EXERCISE GOAL: Set down the data below in full, exactly as it reads, but without the pictures.

=======

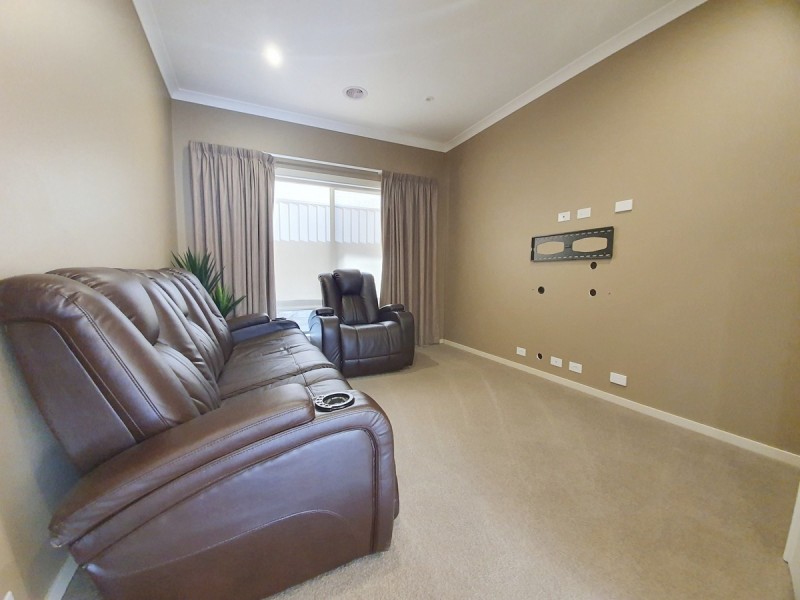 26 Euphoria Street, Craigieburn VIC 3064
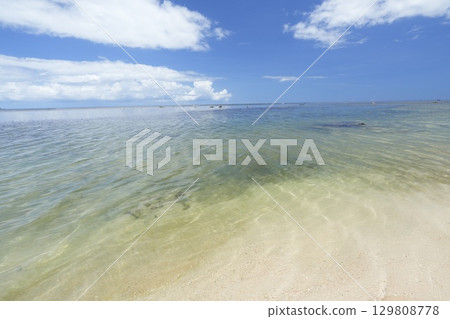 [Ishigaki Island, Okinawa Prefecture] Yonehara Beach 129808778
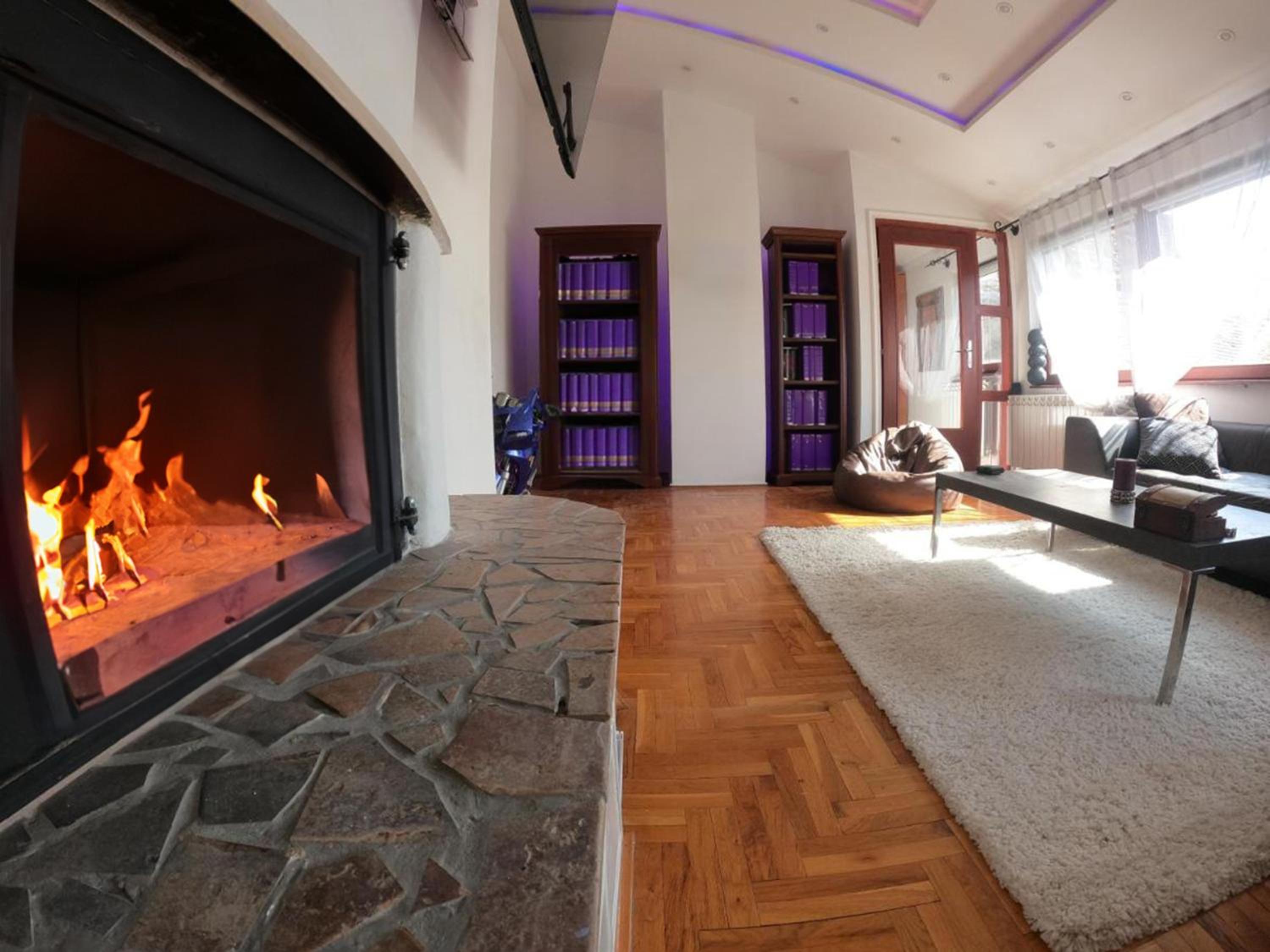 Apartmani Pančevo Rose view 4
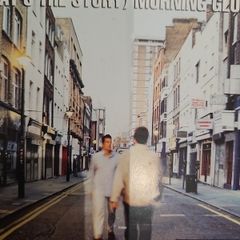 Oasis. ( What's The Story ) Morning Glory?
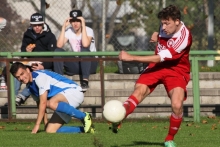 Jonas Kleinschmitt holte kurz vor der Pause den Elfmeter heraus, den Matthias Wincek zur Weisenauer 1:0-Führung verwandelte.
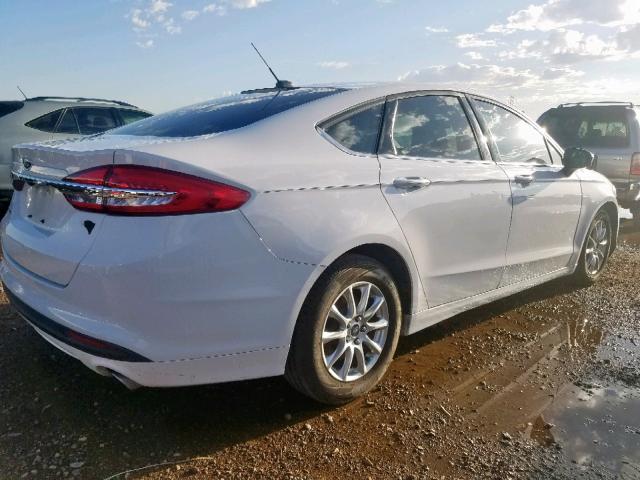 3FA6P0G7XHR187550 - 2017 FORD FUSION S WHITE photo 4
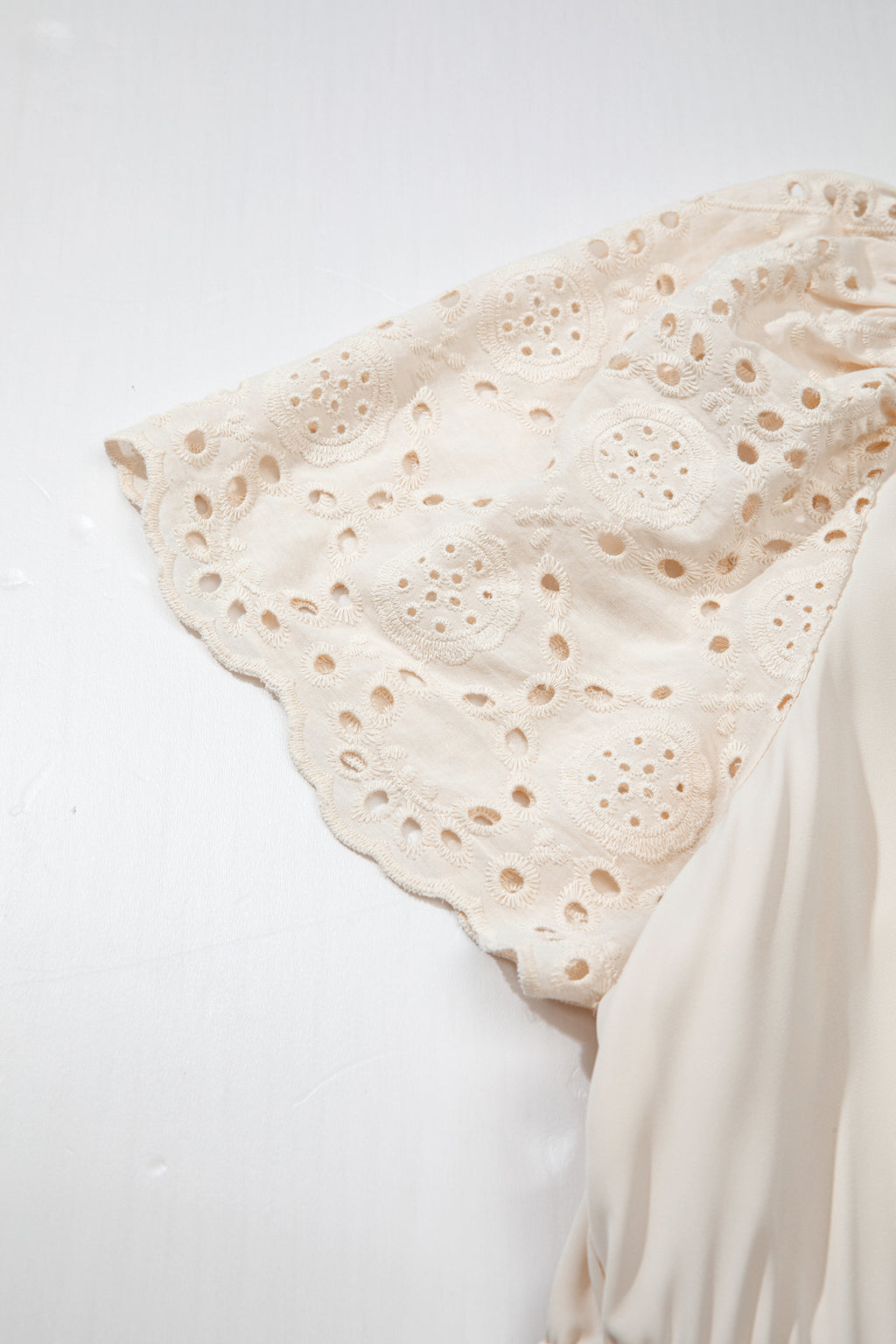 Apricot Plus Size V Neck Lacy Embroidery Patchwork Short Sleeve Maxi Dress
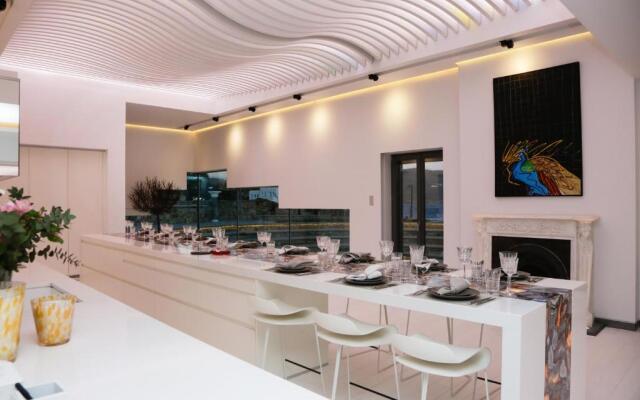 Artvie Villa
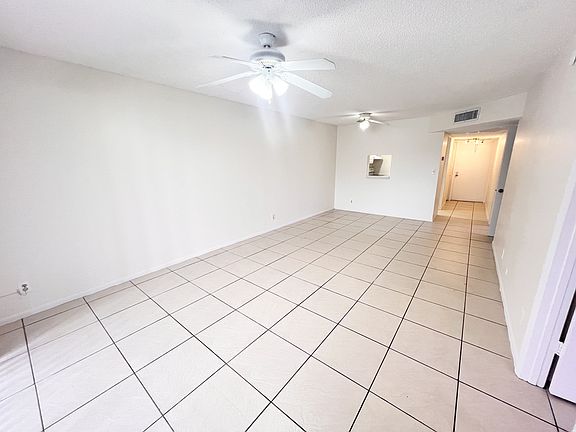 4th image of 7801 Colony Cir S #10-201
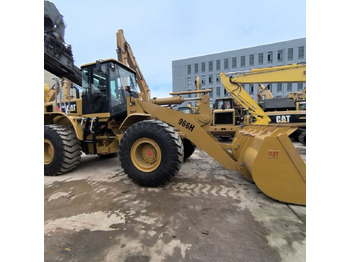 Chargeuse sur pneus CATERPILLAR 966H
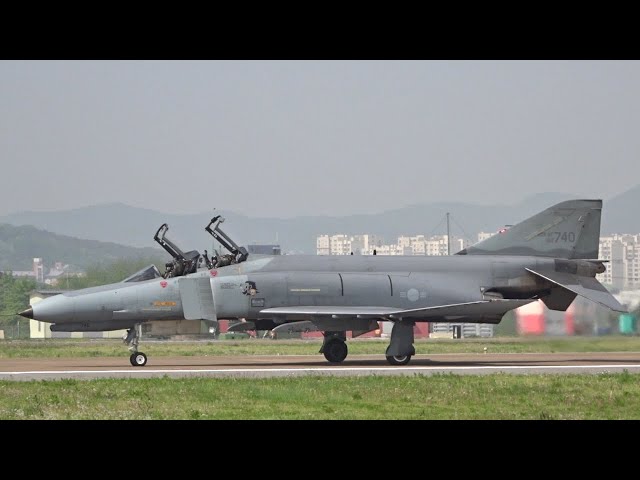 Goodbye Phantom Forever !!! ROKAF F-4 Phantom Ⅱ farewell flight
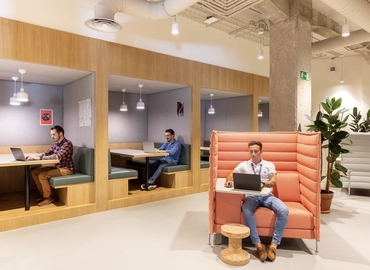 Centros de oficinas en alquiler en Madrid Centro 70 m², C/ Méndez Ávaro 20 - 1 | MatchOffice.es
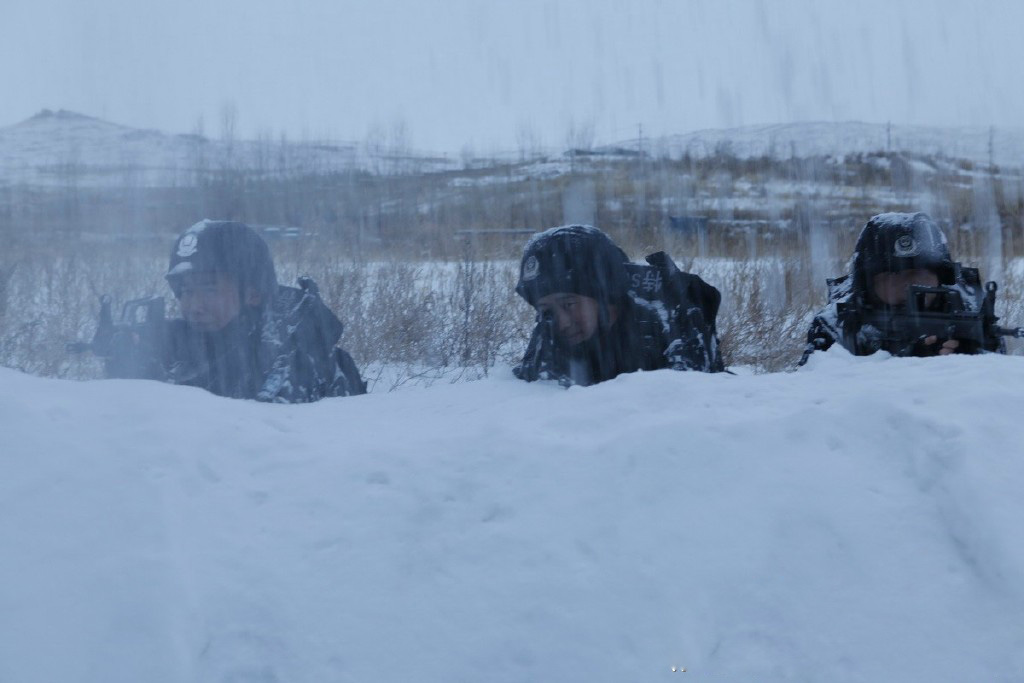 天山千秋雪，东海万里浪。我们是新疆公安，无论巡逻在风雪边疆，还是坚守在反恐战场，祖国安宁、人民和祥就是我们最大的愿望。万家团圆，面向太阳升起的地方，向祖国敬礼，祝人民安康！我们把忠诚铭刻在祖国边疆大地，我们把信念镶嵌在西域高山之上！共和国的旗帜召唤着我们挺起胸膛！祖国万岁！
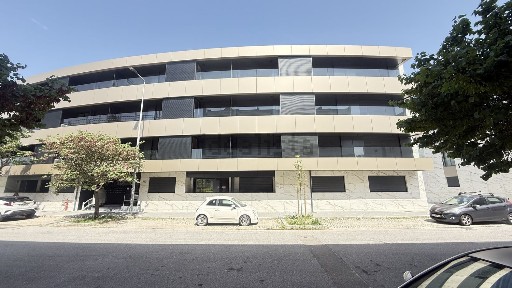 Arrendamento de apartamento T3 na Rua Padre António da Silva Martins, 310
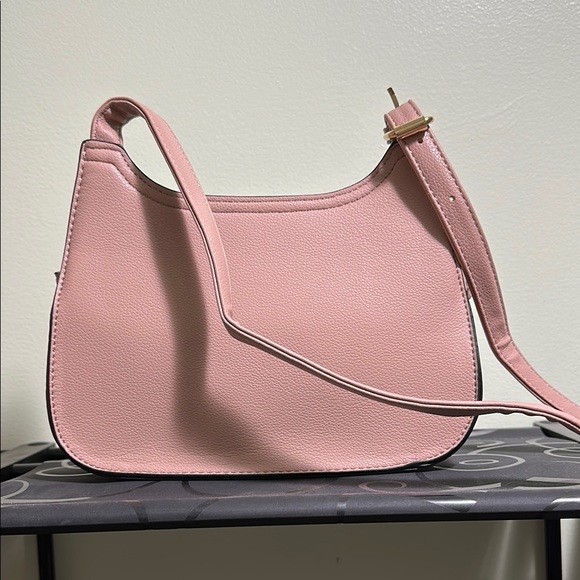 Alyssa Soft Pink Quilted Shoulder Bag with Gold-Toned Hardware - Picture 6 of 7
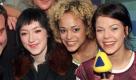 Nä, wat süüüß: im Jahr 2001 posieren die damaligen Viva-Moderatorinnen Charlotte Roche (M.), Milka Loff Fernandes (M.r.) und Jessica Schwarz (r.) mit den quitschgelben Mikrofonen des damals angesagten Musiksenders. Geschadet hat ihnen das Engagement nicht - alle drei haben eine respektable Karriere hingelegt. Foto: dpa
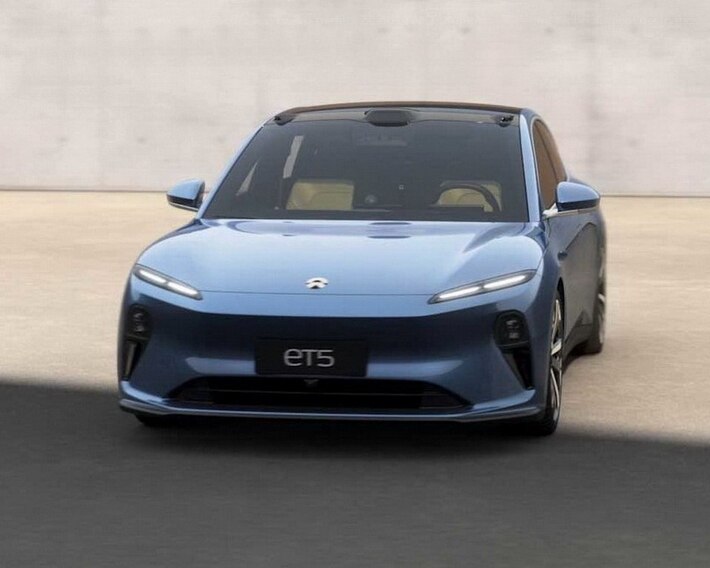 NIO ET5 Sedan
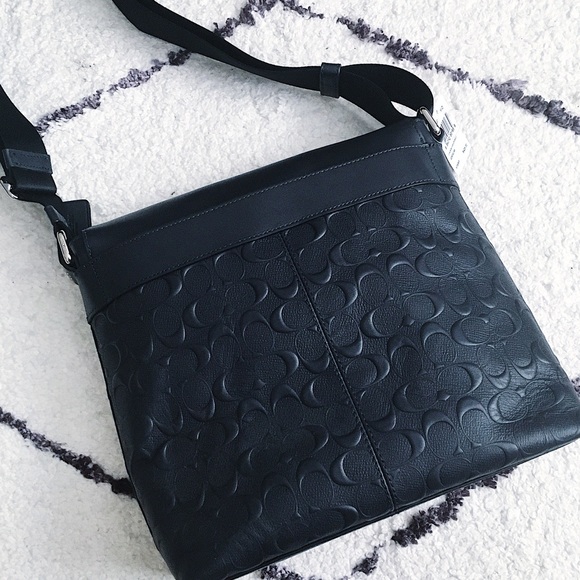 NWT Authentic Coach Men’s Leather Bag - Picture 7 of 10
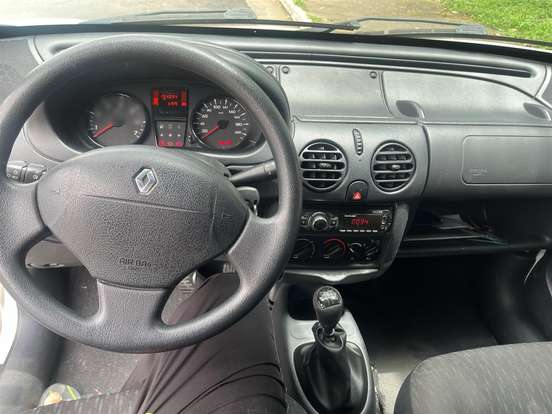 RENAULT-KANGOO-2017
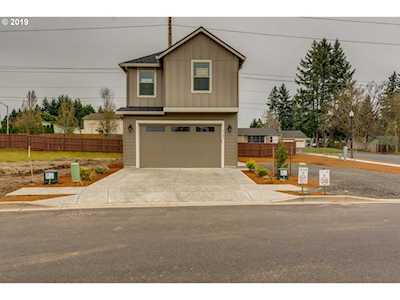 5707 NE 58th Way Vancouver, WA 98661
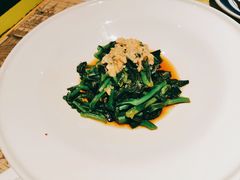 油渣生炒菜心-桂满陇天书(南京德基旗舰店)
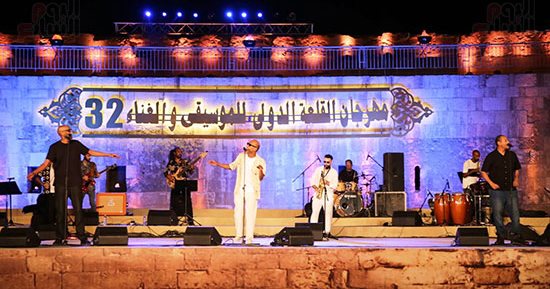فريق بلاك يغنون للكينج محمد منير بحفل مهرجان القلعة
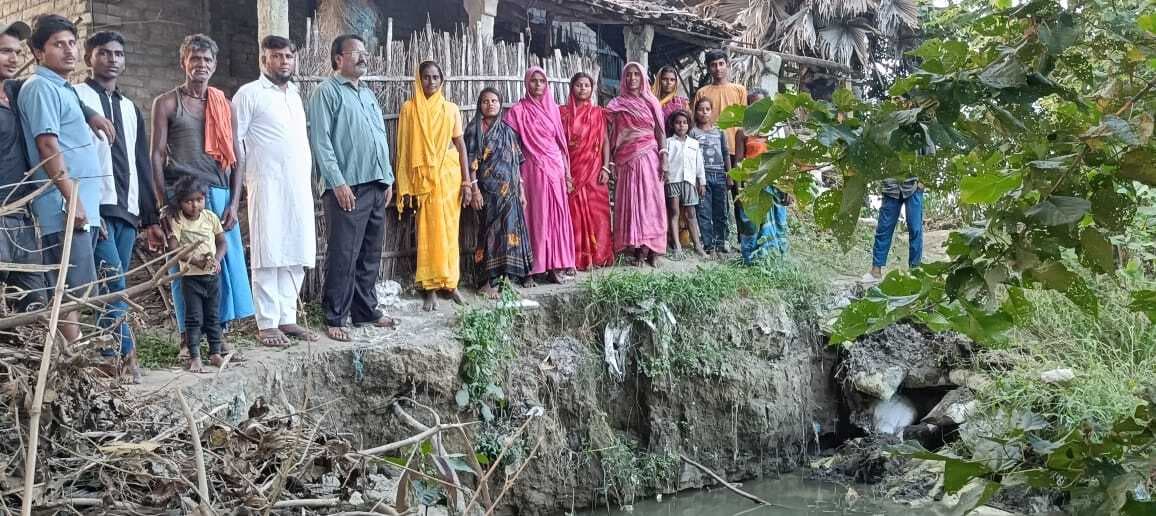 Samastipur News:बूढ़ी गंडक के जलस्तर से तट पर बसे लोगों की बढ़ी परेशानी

=======

RESULT FOR THIS EXERCISE:
 26 Euphoria Street, Craigieburn VIC 3064
 [Ishigaki Island, Okinawa Prefecture] Yonehara Beach 129808778
 Apartmani Pančevo Rose view 4
 Oasis. ( What's The Story ) Morning Glory?
 Jonas Kleinschmitt holte kurz vor der Pause den Elfmeter heraus, den Matthias Wincek zur Weisenauer 1:0-Führung verwandelte.
 3FA6P0G7XHR187550 - 2017 FORD FUSION S WHITE photo 4
 Apricot Plus Size V Neck Lacy Embroidery Patchwork Short Sleeve Maxi Dress
 Artvie Villa
 4th image of 7801 Colony Cir S #10-201
 Chargeuse sur pneus CATERPILLAR 966H
 Goodbye Phantom Forever !!! ROKAF F-4 Phantom Ⅱ farewell flight
 Centros de oficinas en alquiler en Madrid Centro 70 m², C/ Méndez Ávaro 20 - 1 | MatchOffice.es
 天山千秋雪，东海万里浪。我们是新疆公安，无论巡逻在风雪边疆，还是坚守在反恐战场，祖国安宁、人民和祥就是我们最大的愿望。万家团圆，面向太阳升起的地方，向祖国敬礼，祝人民安康！我们把忠诚铭刻在祖国边疆大地，我们把信念镶嵌在西域高山之上！共和国的旗帜召唤着我们挺起胸膛！祖国万岁！
 Arrendamento de apartamento T3 na Rua Padre António da Silva Martins, 310
 Alyssa Soft Pink Quilted Shoulder Bag with Gold-Toned Hardware - Picture 6 of 7
 Nä, wat süüüß: im Jahr 2001 posieren die damaligen Viva-Moderatorinnen Charlotte Roche (M.), Milka Loff Fernandes (M.r.) und Jessica Schwarz (r.) mit den quitschgelben Mikrofonen des damals angesagten Musiksenders. Geschadet hat ihnen das Engagement nicht - alle drei haben eine respektable Karriere hingelegt. Foto: dpa
 NIO ET5 Sedan
 NWT Authentic Coach Men’s Leather Bag - Picture 7 of 10
 RENAULT-KANGOO-2017
 5707 NE 58th Way Vancouver, WA 98661
 油渣生炒菜心-桂满陇天书(南京德基旗舰店)
فريق بلاك يغنون للكينج محمد منير بحفل مهرجان القلعة
 Samastipur News:बूढ़ी गंडक के जलस्तर से तट पर बसे लोगों की बढ़ी परेशानी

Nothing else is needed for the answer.